Art into Asia

Quite extraordinarily, this week I have sold two amazing paintings to clients in Asia – a beautiful black and white work by Ronnie Tjampitjinpa is flying off to Singapore and another black and white dotted piece by Dorothy Napangardi is going to reside in Japan.
Don’t know if it is a co-incidence that both paintings are black and white, but it is thrill to know they will be ambassadors for ongoing awareness of this amazing Aboriginal Contemporary Art Movement.

Art + Soul

Art + Soul
Like many lovers of Aboriginal art, I was riveted by the ABC two-part program Art and Soul.
Congratulations to Hetti Perkins, Senior Curator of Aboriginal and Torres Strait Islander Art at the Art Gallery of New South Wales, for producing such an honest, personal insight into aspects of Aboriginal life and Aborignal Art and culture.
While walking through a sacred site with two senior elders, Hetti described the rather illusive concept of “Tjukurpa” – or Dreamtime.
“Tjukurpa is a very complex term. I understand it as a series of narratives or stories that describe the travels and deeds of ancestral beings who created the land, our people and our culture, and it is very much part of the present”.
I know so many people who watched and loved the program – some of them quite unconnected to Aboriginal art, but who now feel that they understand and appreciate it a bit more, as a result of the series. Hopefully there will be more to come.

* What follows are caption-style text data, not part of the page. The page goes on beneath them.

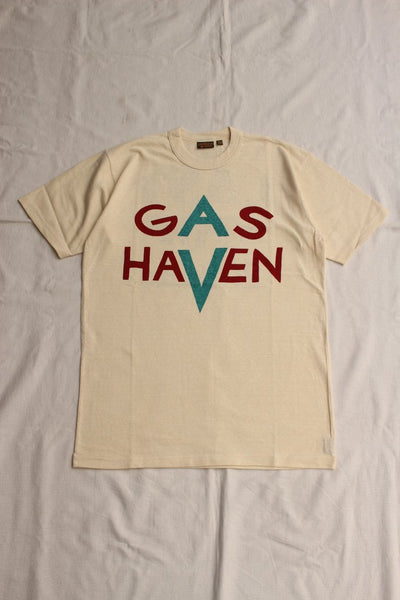 FREEWHEELERS / "GAS HAVEN" (#2535003,STRAW CREAM)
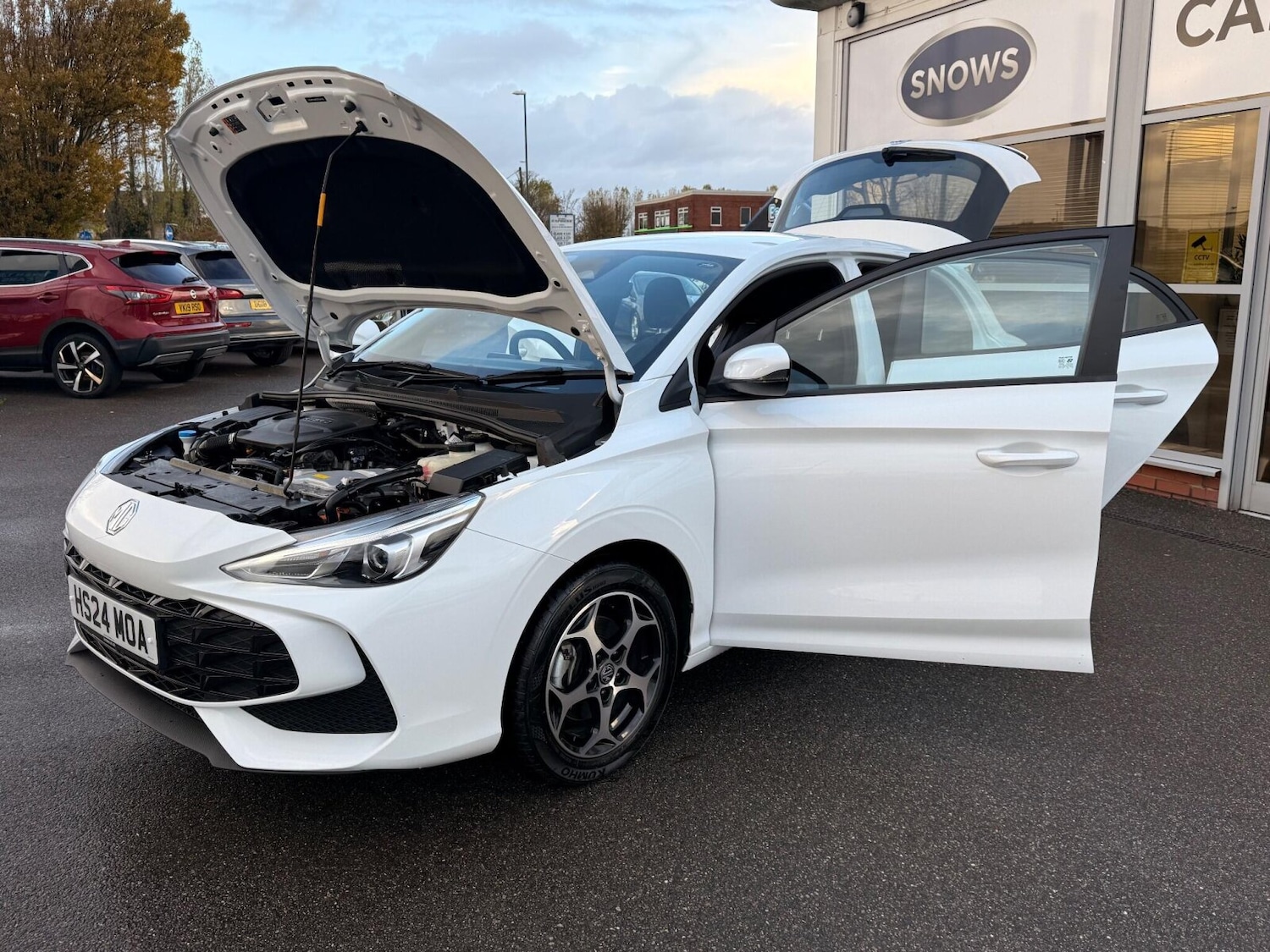 Used MG MG3 2024 for sale - 76539703: Photo 10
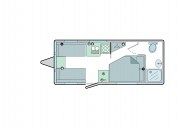 Bailey Phoenix+ 440 2021 Floorplan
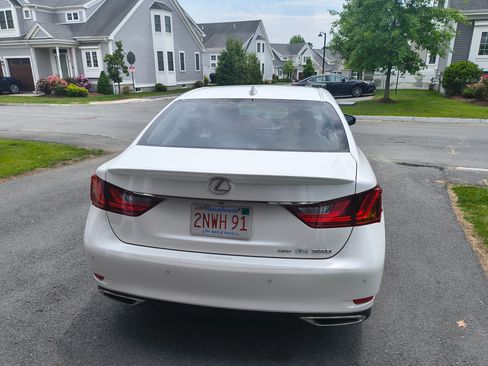 Used 2015 Lexus GS 350 AWD w/ Premium Package image 9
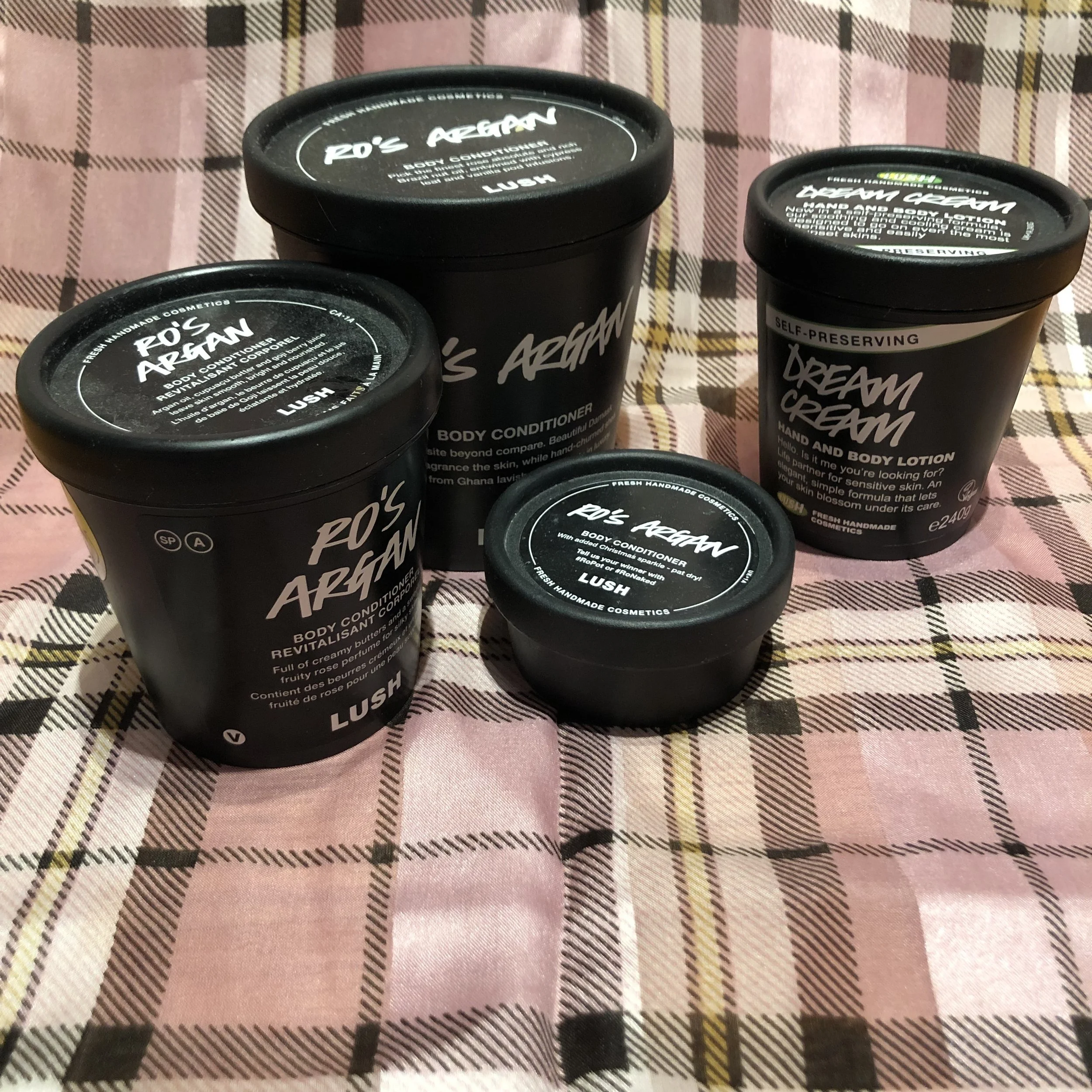 Top 10 Favourite Lush Products Sarah Freia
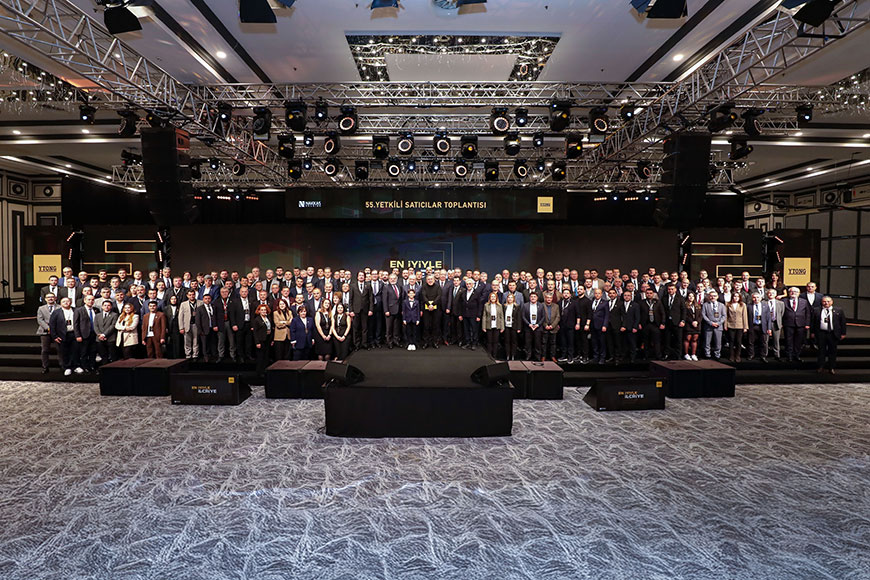 Türk Ytong En İyiyle İleriye dedi 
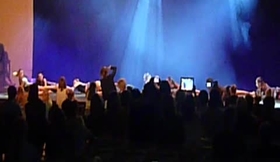 Chorégraphie enfants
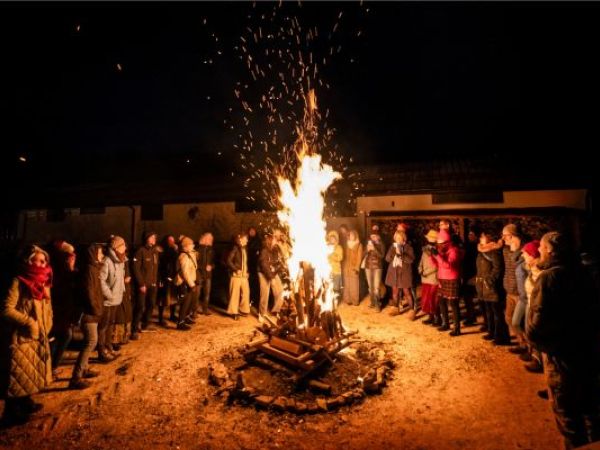 Vacanza detox di Capodanno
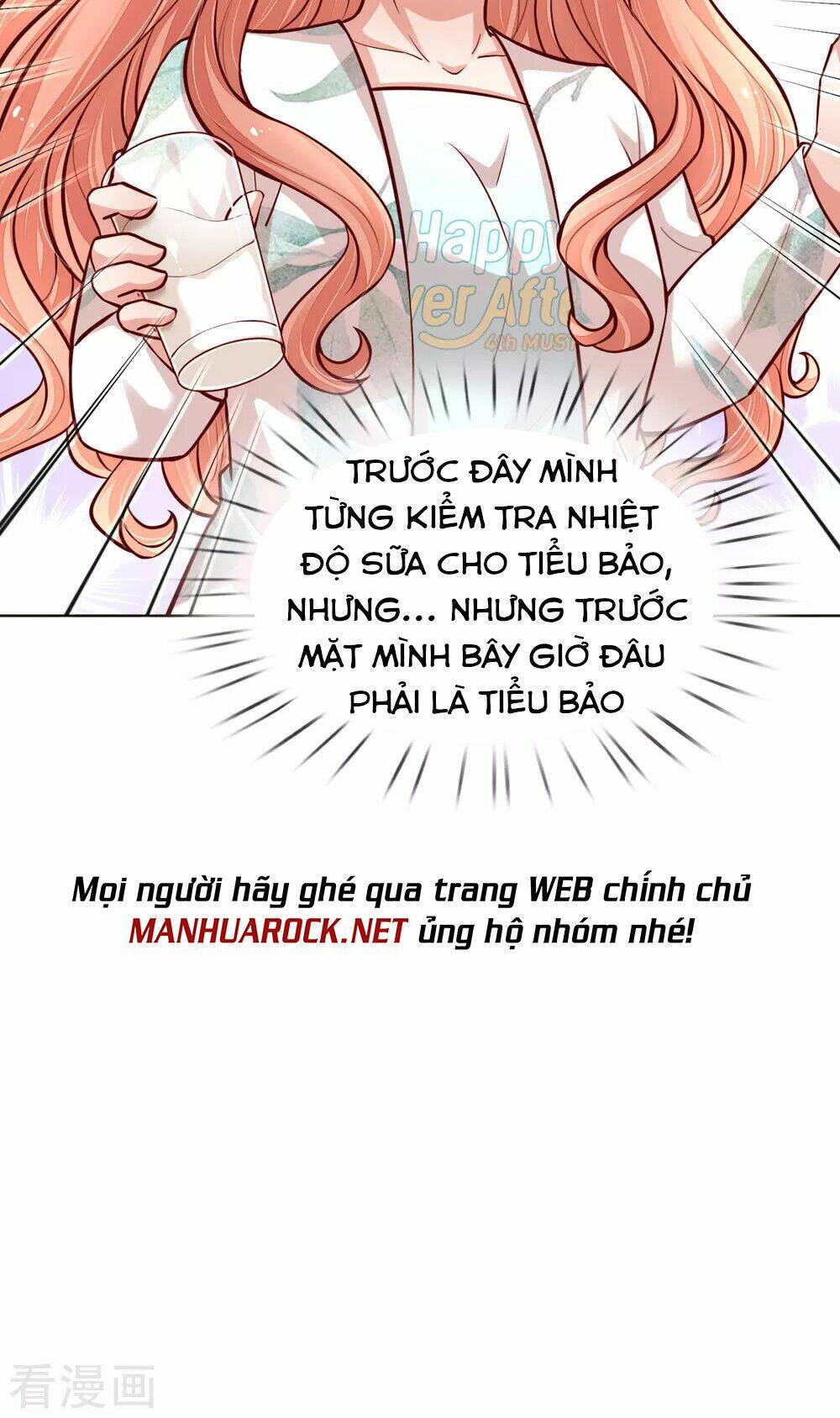 Mami Mau ChạY - Daddy Đuổi Tới Rồi Chương 98 Ảnh 25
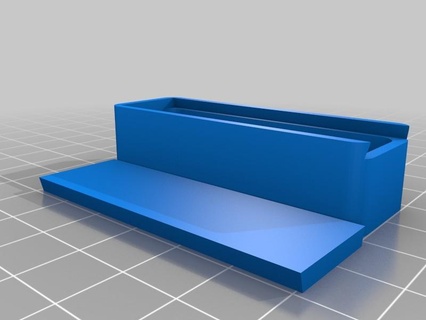 dice holder customized containers 3d print model - Mito3D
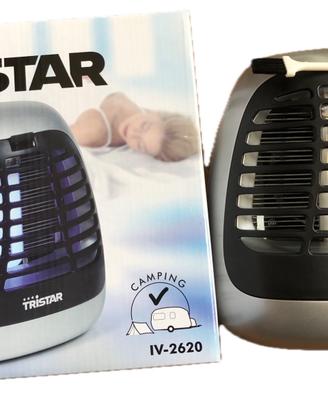 Insetticida elettrico Tristar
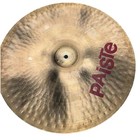 Paiste 2002 19  Crash Cymbal     Excellent Condition   1985 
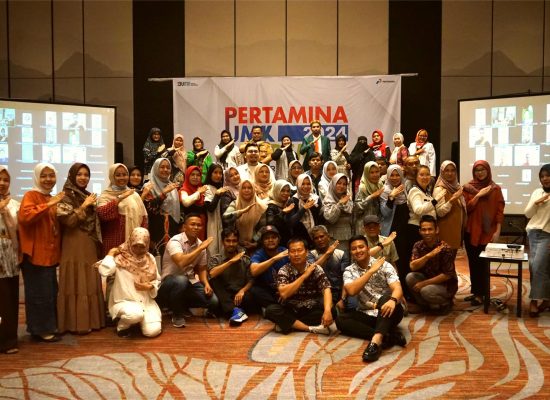 Pertamina UMK Academy 2024 Beri Energi Baru Menuju UMK Maju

Modern Home magazine reflects beautiful artwork

Check out the September issue of Modern Home magazine, in which there is a 10 page article about my client Jane Kehoe’s beautiful home on Sydney’s Northern beaches.
Jane came to me looking for the prefect piece of Aboriginal Art to compliment her amazing view and very modern sleek home. Together we choose “Body Paint”, a lively and striking large square format painting by Utopia artist Molly Pwerle.
Measuring 1200 × 1200mm, the amazing clear blue and white crispness of this painting off-sets the parred back elegant of the room and the whole inside-outside balance.
In the Master bedroom, Molly’s sister Emily Pwerle’s body paint “Awelye” hangs next to the bed, in bold pinks purples and gold.

What I am reading

The latest book in my shelves is “How Aborigines invented the idea of contemporary art” – writings on Aboriginal contemporary art edited and introduced by Ian McLean. The book traces the slow and ambiguous way in which the Australian art world, perceived Aboriginal art and its eventual place in the contemporary Australian artscape – why it was not immediately accepted, why it was so difficult to catagorize, what its artistic merit was, why it was valued from an anthropological rather than an artistic viewpoint, its place in the evolution of post-moderism, and much more. The anthology is a fascinating collection of essays, bringing together many unspoken voices and differing opinions – I am thoroughly enjoying it.

ISBN 978-0-909952-37-2



I recently had the honor of meeting Yammina Tommy Watson at the launch of Marie Giessler’s book, “Yannima Pikarli Tommy Watson” at Ariel Book Store in Sydney, 24 March 2011.
I was unaware that Tommy would be present at the book launch. As I entered the store, the first thing I saw was an array of amazing book covers, red orange yellow and white dots, so typical of Tommy’s bold vibrant, almost shocking paintings. Further into the store, on a platform, was a large recent work that Tommy had painted and there sitting in a wheelchair, was the man himself. Much smaller than his works suggest, Tommy had an amazing quiet demeanor, quite unfazed by the gathering buzz that was accumulating around him.
After a moving address and official launch of the book by Marie Giessler, I introduced myself to Tommy and thanked him for the remarkable impact that his art has had on me. I asked him not to stop painting because I truly believe that what he conveys in his art, is so pure and unadulterated by fashion or phase.
The head-line in the next morning’s paper was that Tommy will not paint for much longer – this tour was promoted as a swan-song, I certainly hope not.
The book is a beautiful coffee table explosion of Tommy Watson power and energy, not dissimilar to the small version published by Macmillan Mini Art Series last year.